**Data for review:**
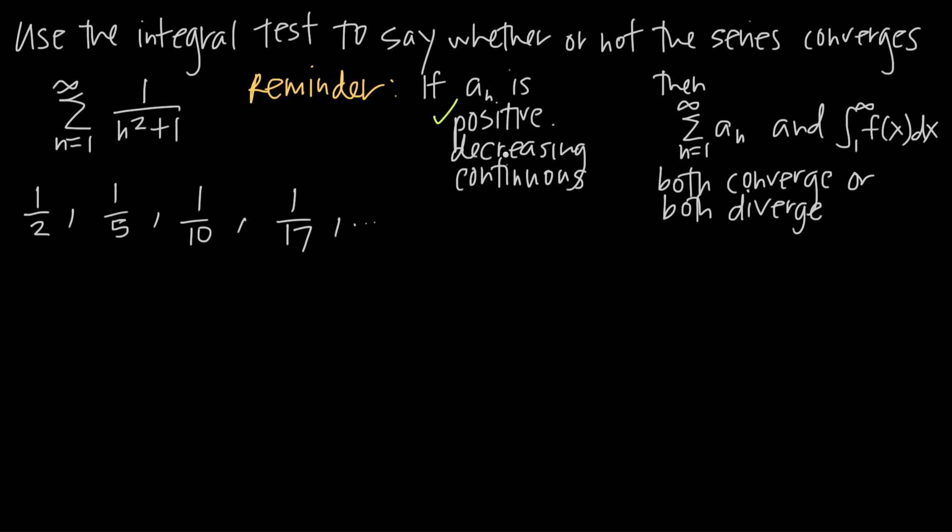For decreasing: 1/2 is greater than 1/5, which is greater than 1/10, which is greater than 1/17. The numerator stays at 1 while the denominator grows larger and larger, so the fraction gets smaller and smaller. Every term is less than the previous term, which means the series is decreasing.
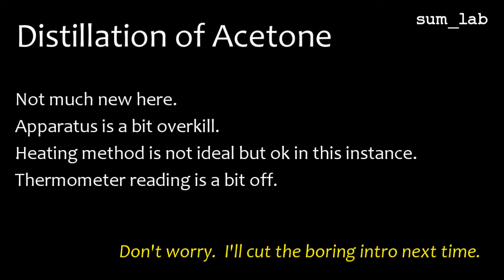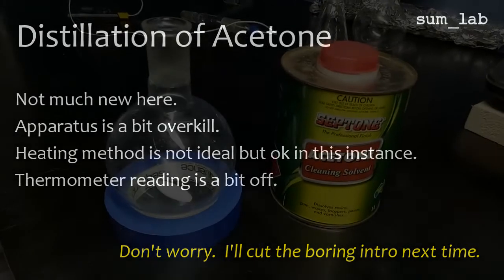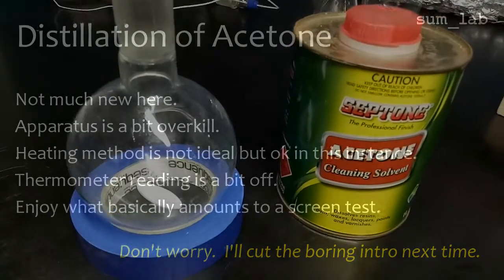I cut the distillation when the temperature began to rise. Anyway, enjoy and feel free to give feedback on this fledgling enterprise.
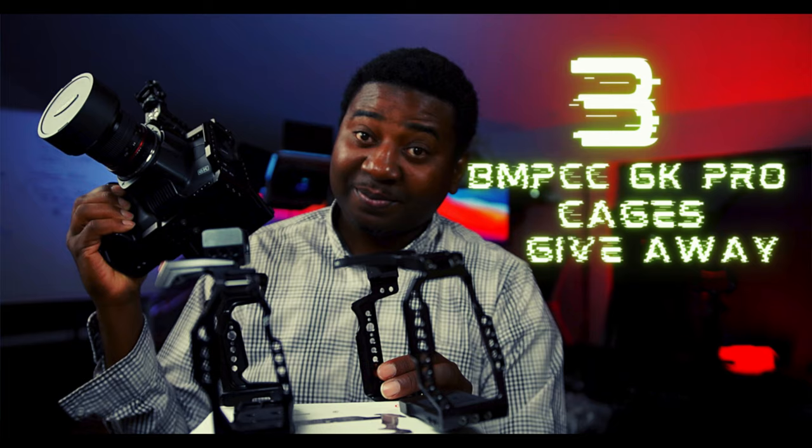If you understand what I'm trying to do, you can suggest how I can achieve that. Our 3,000 subscribers giveaway is coming up soon — anytime now, once we hit the 3,000 mark. I hope you guys got something from this. Hit the like button if you did, comment, share, and don't forget to subscribe if you're new here. Thank you, see you guys in the next video.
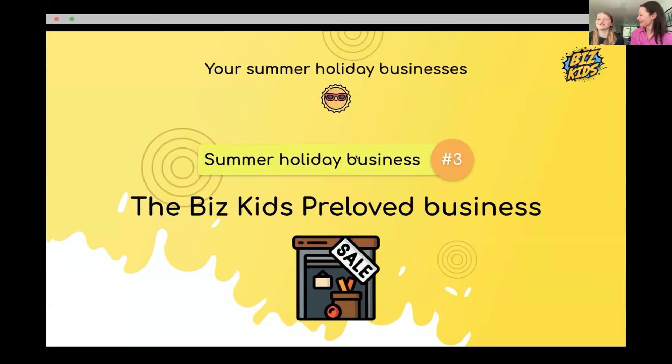If you've got something around your house you can transform back into money by selling it to someone else, that can be a great way to make money over the summer and help your parents too.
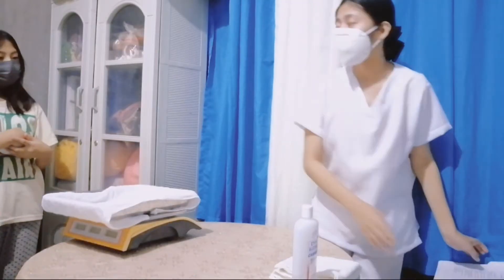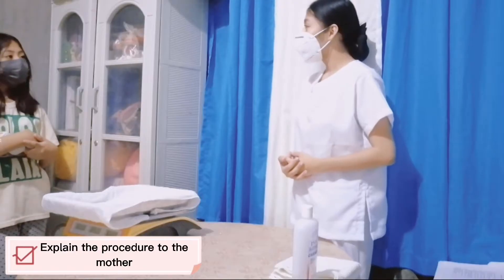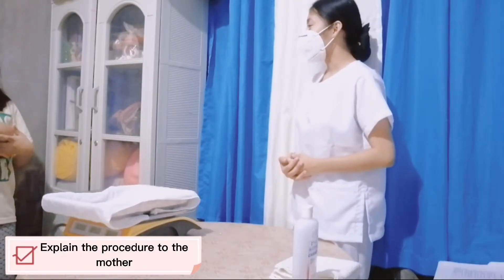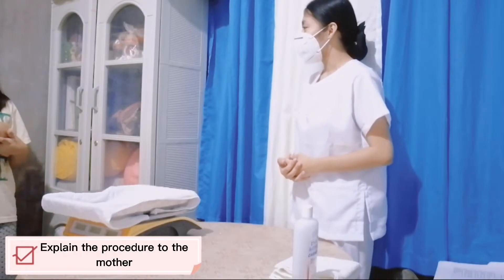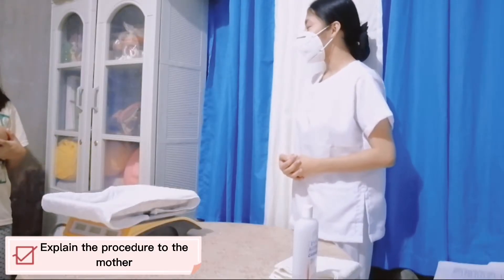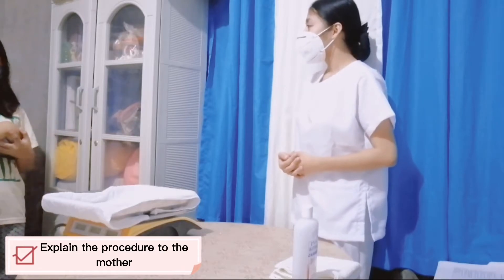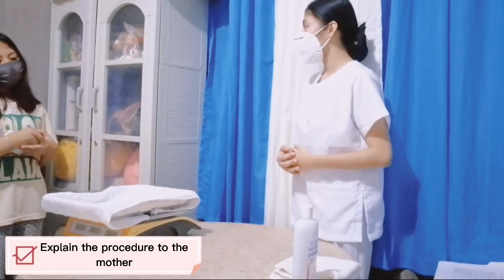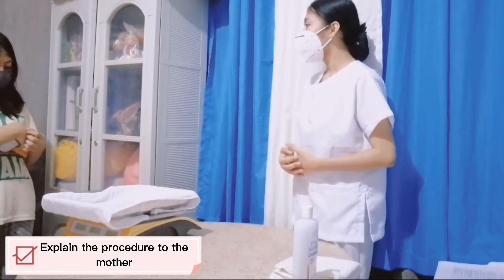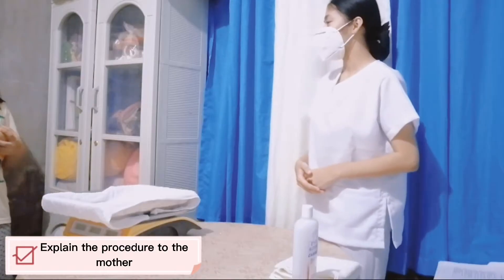So ma'am, I will first explain the procedures to you. Today I will be performing anthropometric measurement. I will measure the baby's weight, height, the head circumference, chest circumference, and abdominal circumference. It is for us to know and determine if the baby's body is within normal measurement and to determine if there are some abnormalities with the baby's body.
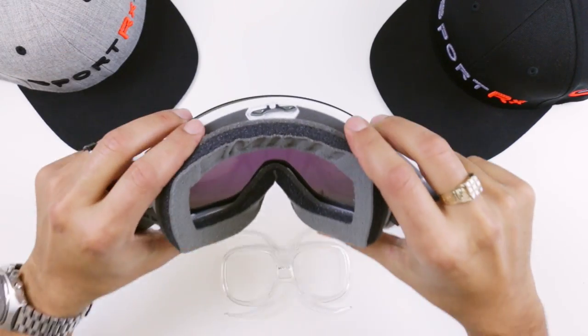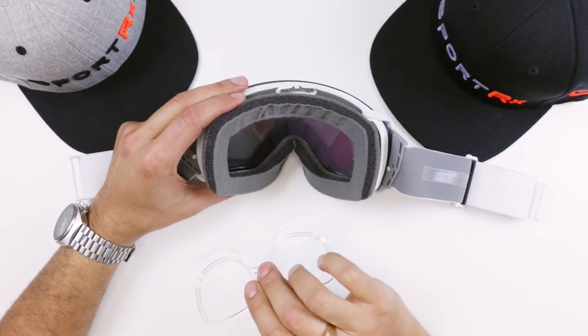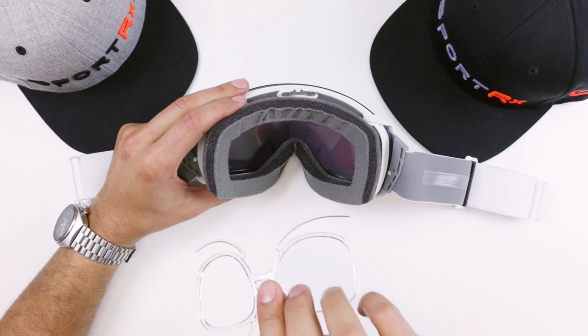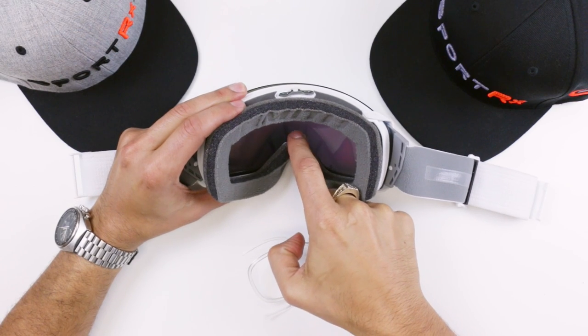Hold the goggle away from you as if you're about to put it on and grab your insert. The trick here is to get the nose bridge part of the insert over the nose bridge of the goggle. Get the insert in going perpendicularly and get this plastic over the foam and over the little ridge in there.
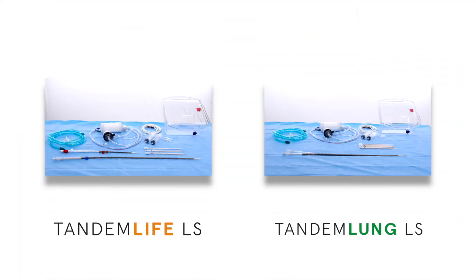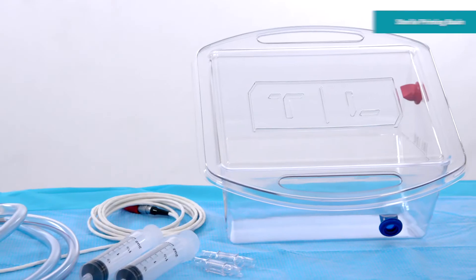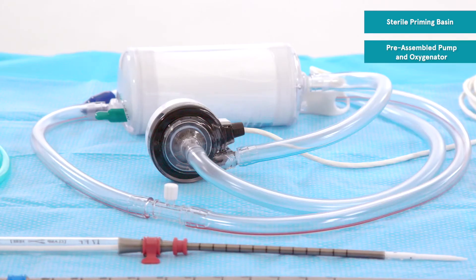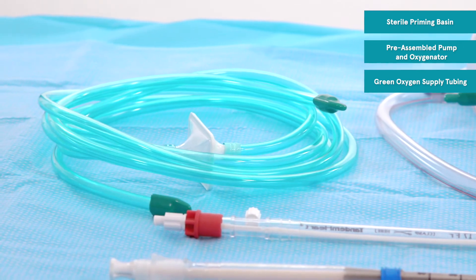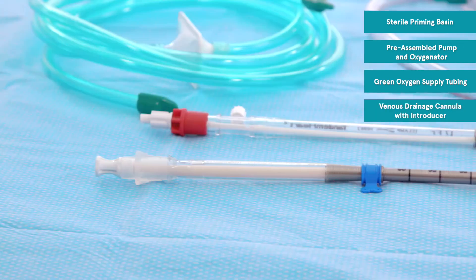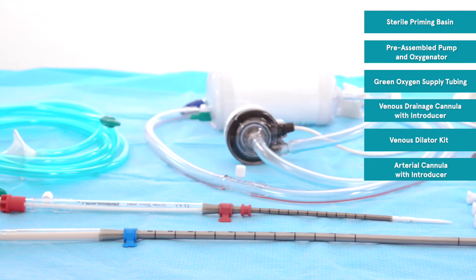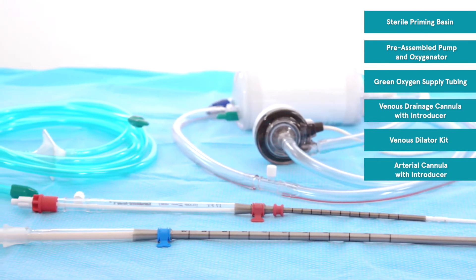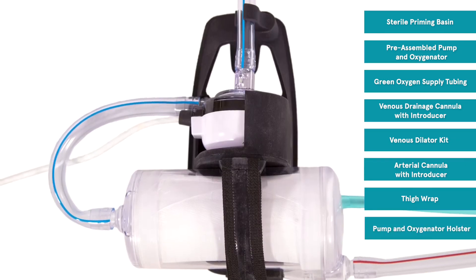The Tandem Life and Tandem Lung kits are used to provide temporary cardiopulmonary or pulmonary support. The Tandem Life kit includes a sterile priming basin with preassembled pump and oxygenator, green oxygen supply tubing, a venous drainage cannula with introducer, a venous dilator kit, an arterial cannula with introducer, a thigh wrap, and a pump and oxygenator holster.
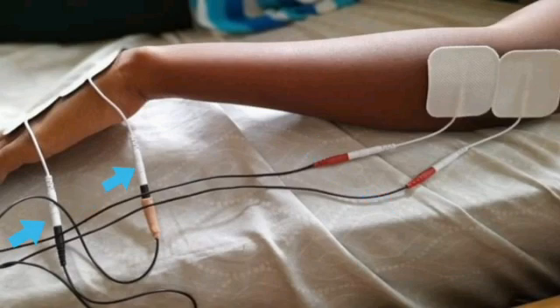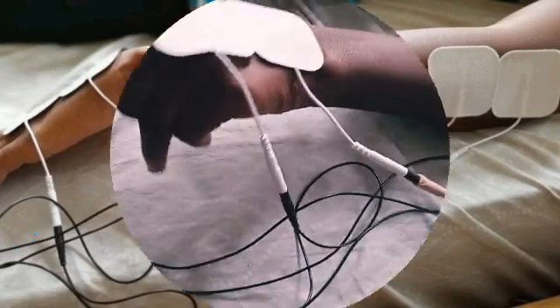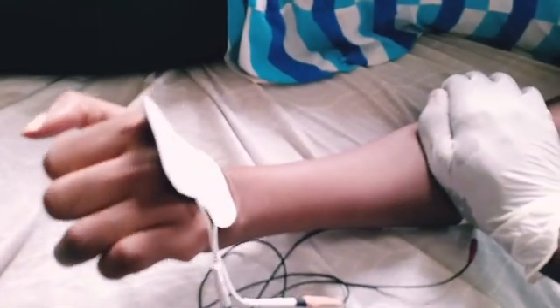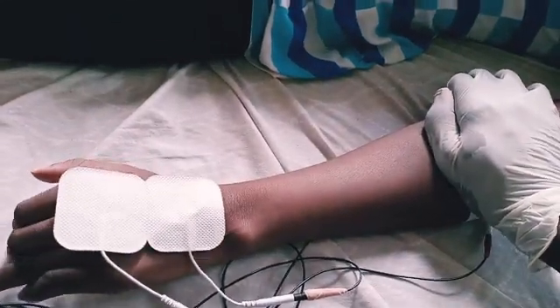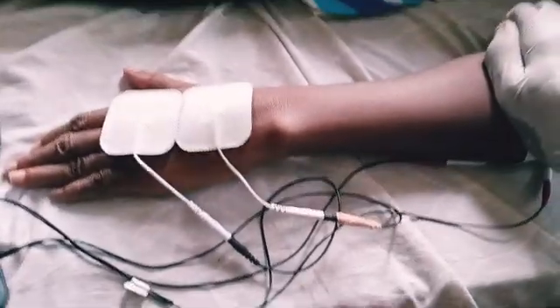Remember that using four electrodes creates a larger surface area for the stimulation. Stabilize the forearm, or if possible, flex the elbow to about 90 degrees for the whole session.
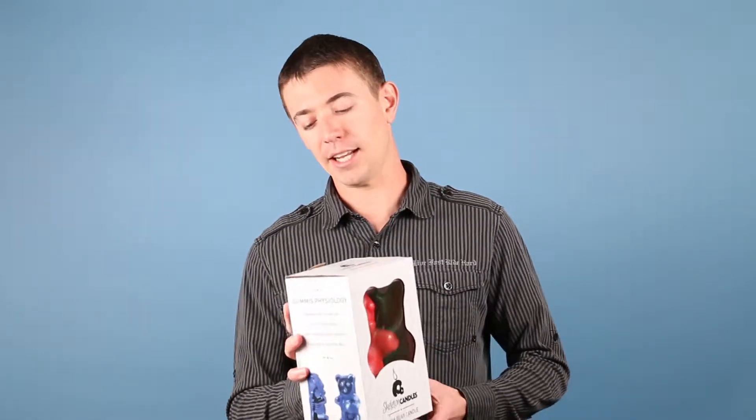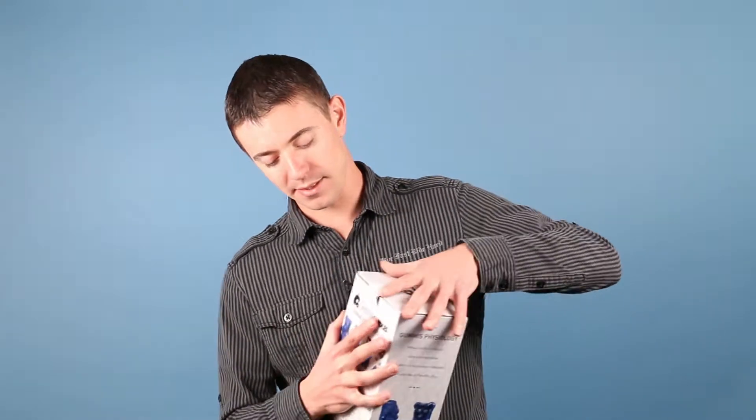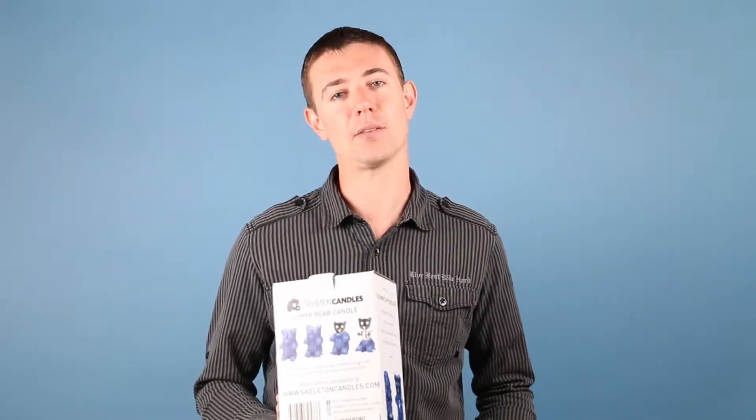So what I'm going to talk to you about is this product that we created. It is a gigantic candle. But what makes this candle interesting is that it actually has a metal skeleton inside. So as the candle burns, the skeleton comes out.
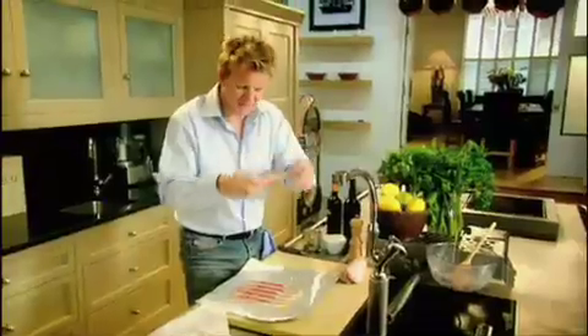Stuff it — place that in the centre. Get your leg and fold it over. Tin foil, season, olive oil, streaky bacon. It gives it a lot of flavour but more importantly keeps it nice and moist. Place it in the centre and just roll it round, squeeze the ends nice and tight.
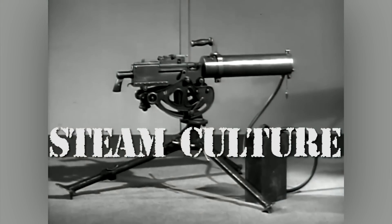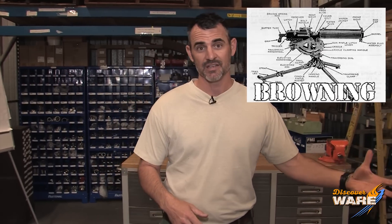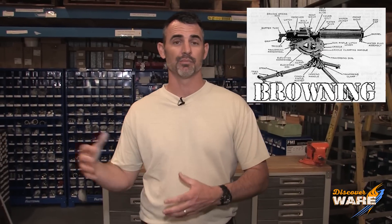Here we have the .30 caliber water-cooled machine gun. On Steam Culture today, we've got an interesting wartime tidbit. We're going to talk about the iconic water-cooled machine gun. If you've seen these in the movies or some pictures, they're from World War I and World War II. Popular models were the Browning 1917A, American-made, or the British-made Vickers. These guns were immensely popular with the soldiers because they were very reliable, and they put out what's called a high rate of fire, which means a lot of bullets without having to stop. And if you don't believe me, watch this video here. It's pretty cool.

**The problem:**
Word for word, copy out each record; do not include pictures.

**Solution:**
For decreasing: 1/2 is greater than 1/5, which is greater than 1/10, which is greater than 1/17. The numerator stays at 1 while the denominator grows larger and larger, so the fraction gets smaller and smaller. Every term is less than the previous term, which means the series is decreasing.
I cut the distillation when the temperature began to rise. Anyway, enjoy and feel free to give feedback on this fledgling enterprise.
If you understand what I'm trying to do, you can suggest how I can achieve that. Our 3,000 subscribers giveaway is coming up soon — anytime now, once we hit the 3,000 mark. I hope you guys got something from this. Hit the like button if you did, comment, share, and don't forget to subscribe if you're new here. Thank you, see you guys in the next video.
If you've got something around your house you can transform back into money by selling it to someone else, that can be a great way to make money over the summer and help your parents too.
So ma'am, I will first explain the procedures to you. Today I will be performing anthropometric measurement. I will measure the baby's weight, height, the head circumference, chest circumference, and abdominal circumference. It is for us to know and determine if the baby's body is within normal measurement and to determine if there are some abnormalities with the baby's body.
Hold the goggle away from you as if you're about to put it on and grab your insert. The trick here is to get the nose bridge part of the insert over the nose bridge of the goggle. Get the insert in going perpendicularly and get this plastic over the foam and over the little ridge in there.
The Tandem Life and Tandem Lung kits are used to provide temporary cardiopulmonary or pulmonary support. The Tandem Life kit includes a sterile priming basin with preassembled pump and oxygenator, green oxygen supply tubing, a venous drainage cannula with introducer, a venous dilator kit, an arterial cannula with introducer, a thigh wrap, and a pump and oxygenator holster.
Remember that using four electrodes creates a larger surface area for the stimulation. Stabilize the forearm, or if possible, flex the elbow to about 90 degrees for the whole session.
So what I'm going to talk to you about is this product that we created. It is a gigantic candle. But what makes this candle interesting is that it actually has a metal skeleton inside. So as the candle burns, the skeleton comes out.
Stuff it — place that in the centre. Get your leg and fold it over. Tin foil, season, olive oil, streaky bacon. It gives it a lot of flavour but more importantly keeps it nice and moist. Place it in the centre and just roll it round, squeeze the ends nice and tight.
Here we have the .30 caliber water-cooled machine gun. On Steam Culture today, we've got an interesting wartime tidbit. We're going to talk about the iconic water-cooled machine gun. If you've seen these in the movies or some pictures, they're from World War I and World War II. Popular models were the Browning 1917A, American-made, or the British-made Vickers. These guns were immensely popular with the soldiers because they were very reliable, and they put out what's called a high rate of fire, which means a lot of bullets without having to stop. And if you don't believe me, watch this video here. It's pretty cool.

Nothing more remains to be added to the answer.